Top of Data listing
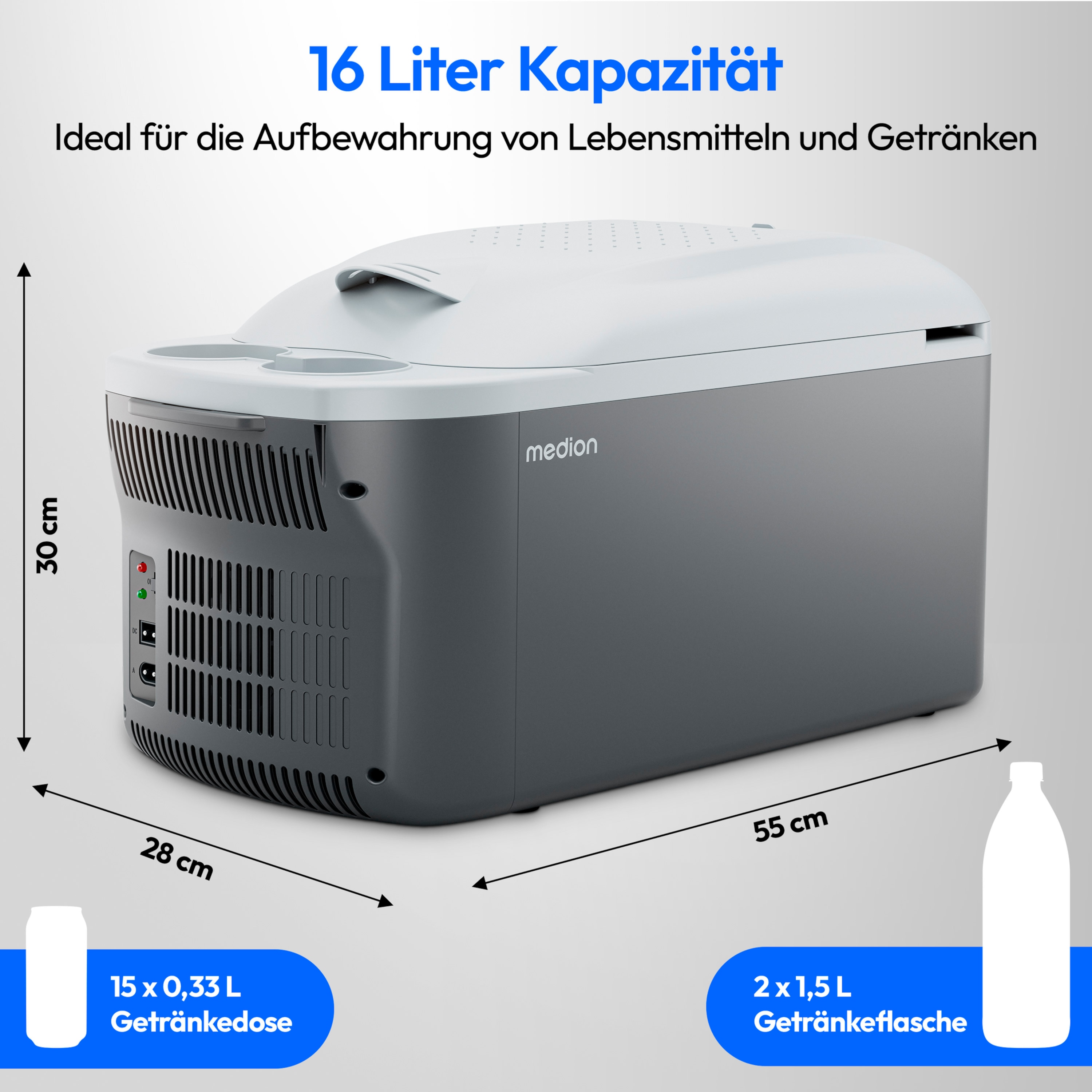 MEDION® LIFE Kühlbox mit Wärmefunktion MD13100, Kühl und Warmhaltefunktion, 16 L Kapazität, Tragegurt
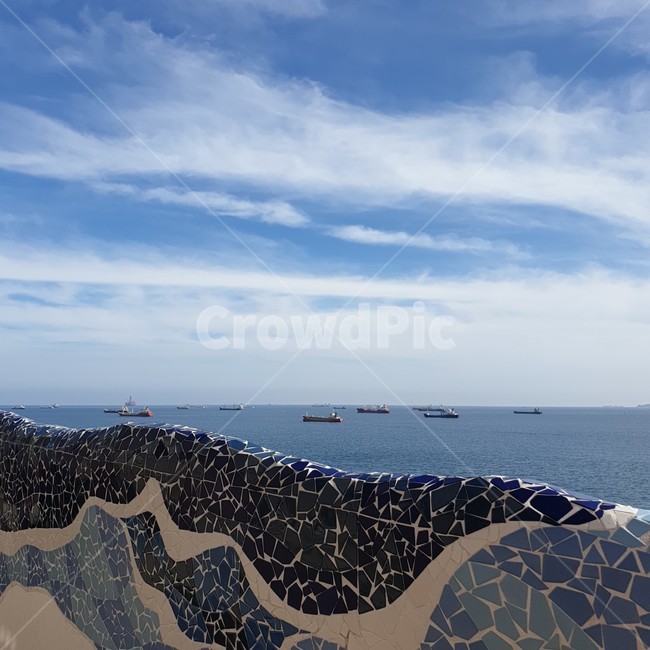 영도,흰여울길,흰여울문화마을,구름,하늘,바다,풍경,담벼락,배,하늘색,바다풍경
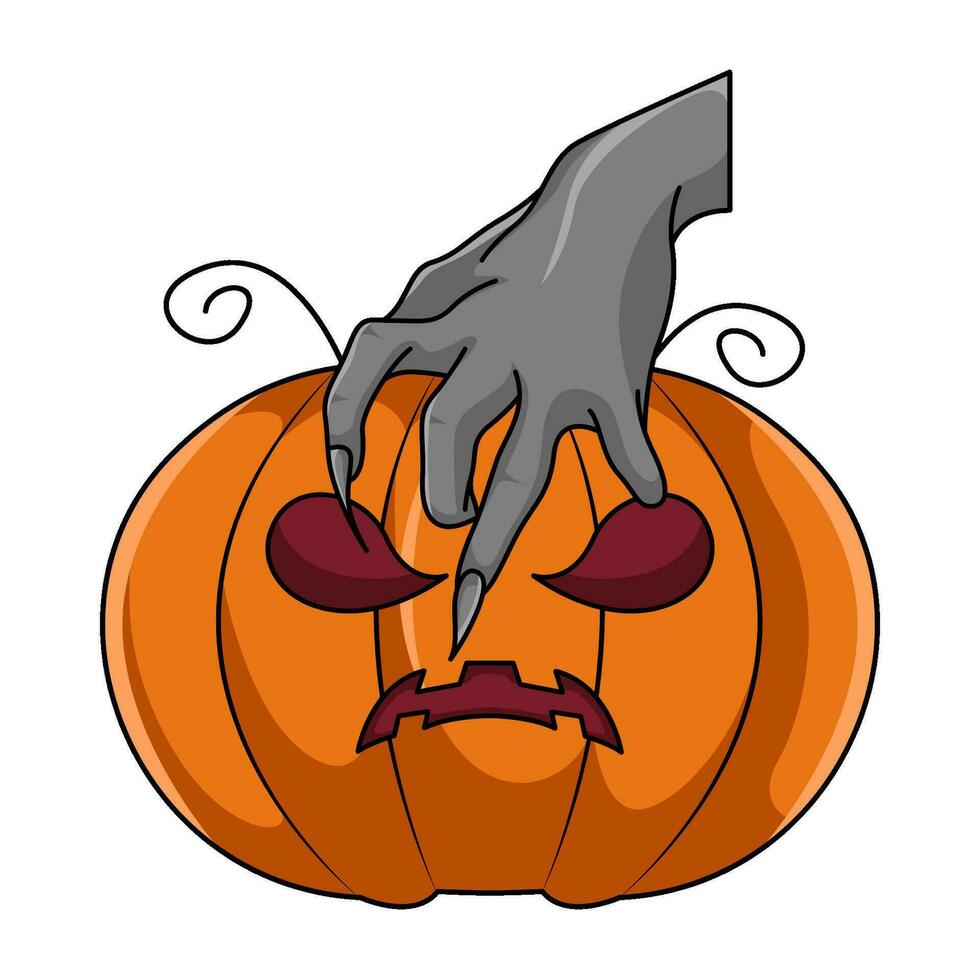 hand- in pompoen halloween illustratie vector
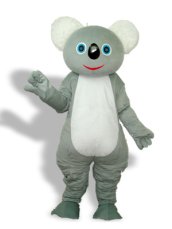 Grey And White Koala Bear Mascot Costume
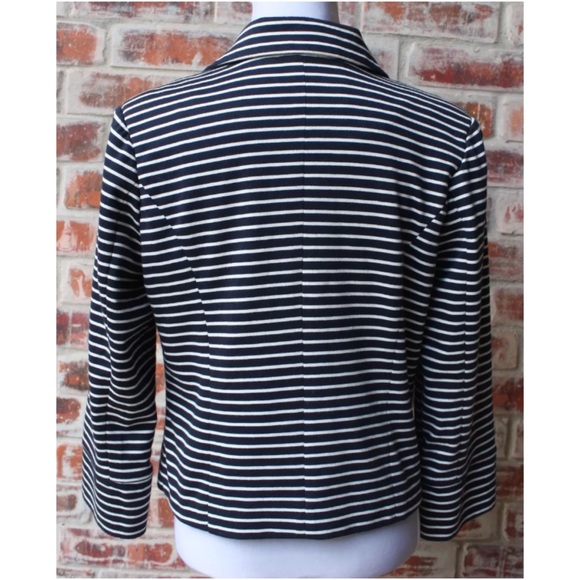 Anthropologie Cartonnier Small Navy Striped Blazer - Picture 4 of 7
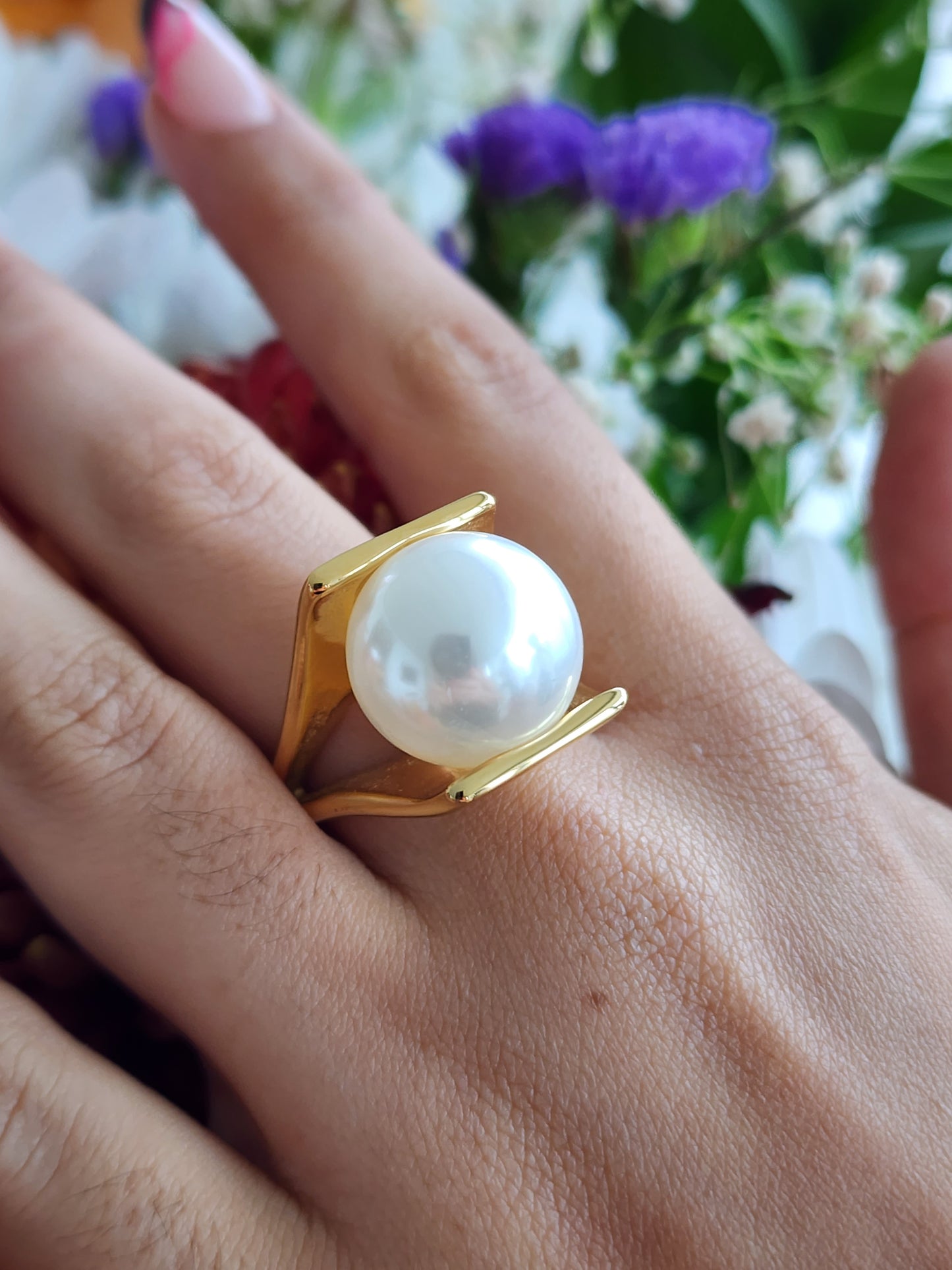 Gold Plated Pearl Ring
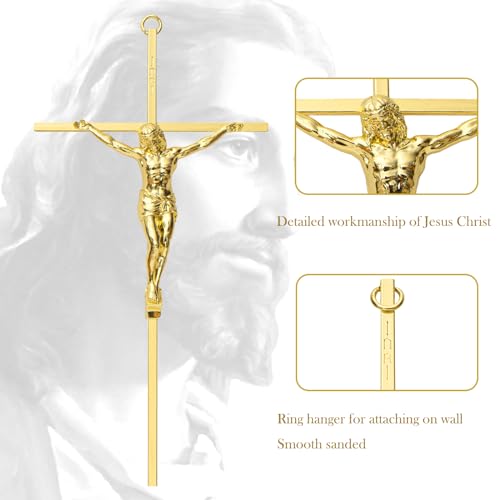 KUXBET Crucifix Wall Cross, Metal Wall Hanging Cross,10inch Gold Jesus Crucifix Home Décor, Gift for Family - color: Gold, size: 10"L x 5"W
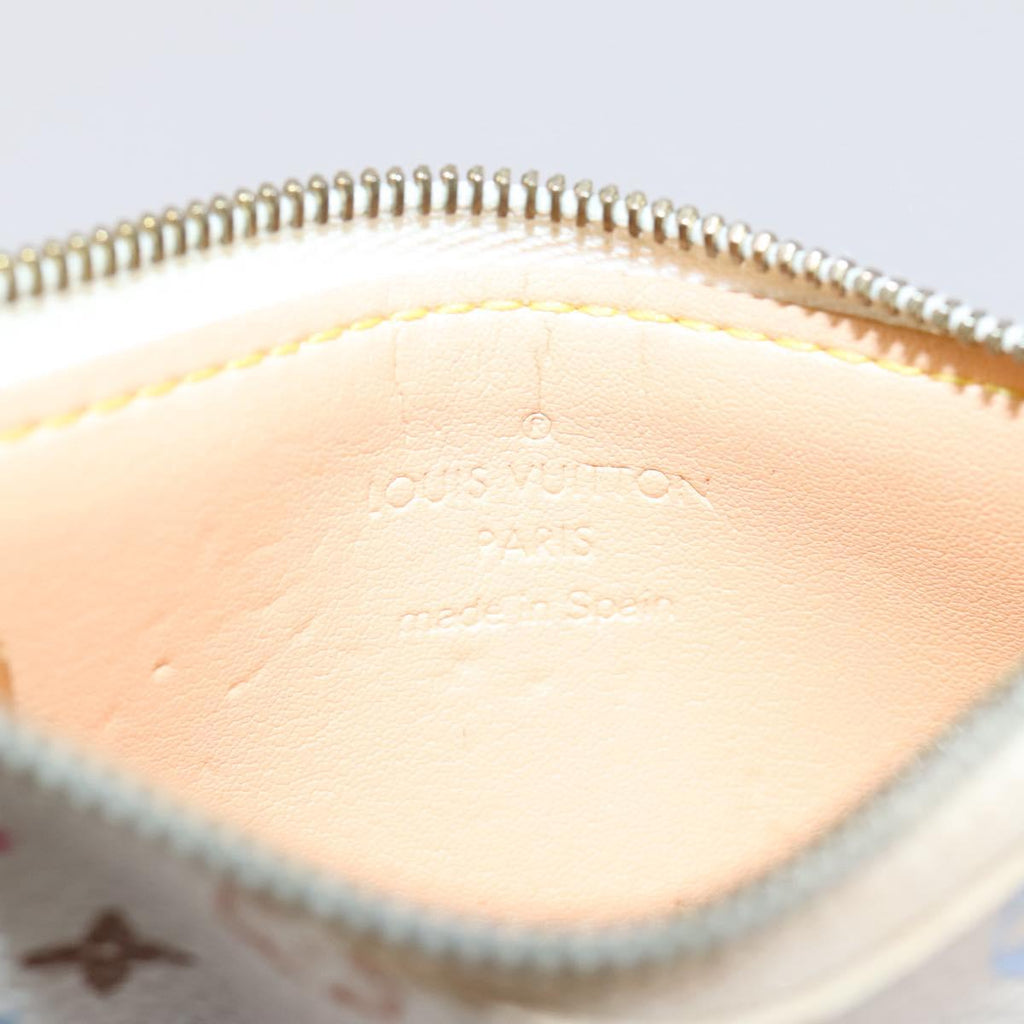 LOUIS VUITTON Monogram Multicolor Pochette Cles Purse White M92655 LV Auth LN266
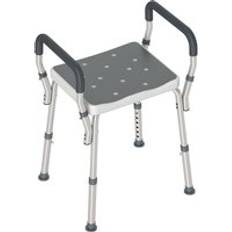 Grey Shower Stools Homcom Rust-Free Aluminium Bath Chair with Adjustable Height Grey
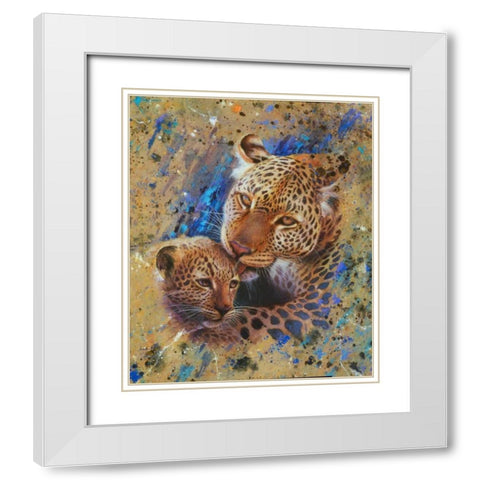 Panther with cub 02 White Modern Wood Framed Art Print with Double Matting by Chamard, Jean-Marc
Bottom of Data listing
What is needed: A faithful, word-for-word copy of the data is needed; the pictures should not appear in it.

Your response:
 MEDION® LIFE Kühlbox mit Wärmefunktion MD13100, Kühl und Warmhaltefunktion, 16 L Kapazität, Tragegurt
 영도,흰여울길,흰여울문화마을,구름,하늘,바다,풍경,담벼락,배,하늘색,바다풍경
 hand- in pompoen halloween illustratie vector
 Grey And White Koala Bear Mascot Costume
 Anthropologie Cartonnier Small Navy Striped Blazer - Picture 4 of 7
 Gold Plated Pearl Ring
 KUXBET Crucifix Wall Cross, Metal Wall Hanging Cross,10inch Gold Jesus Crucifix Home Décor, Gift for Family - color: Gold, size: 10"L x 5"W
 LOUIS VUITTON Monogram Multicolor Pochette Cles Purse White M92655 LV Auth LN266
 Grey Shower Stools Homcom Rust-Free Aluminium Bath Chair with Adjustable Height Grey
 Panther with cub 02 White Modern Wood Framed Art Print with Double Matting by Chamard, Jean-Marc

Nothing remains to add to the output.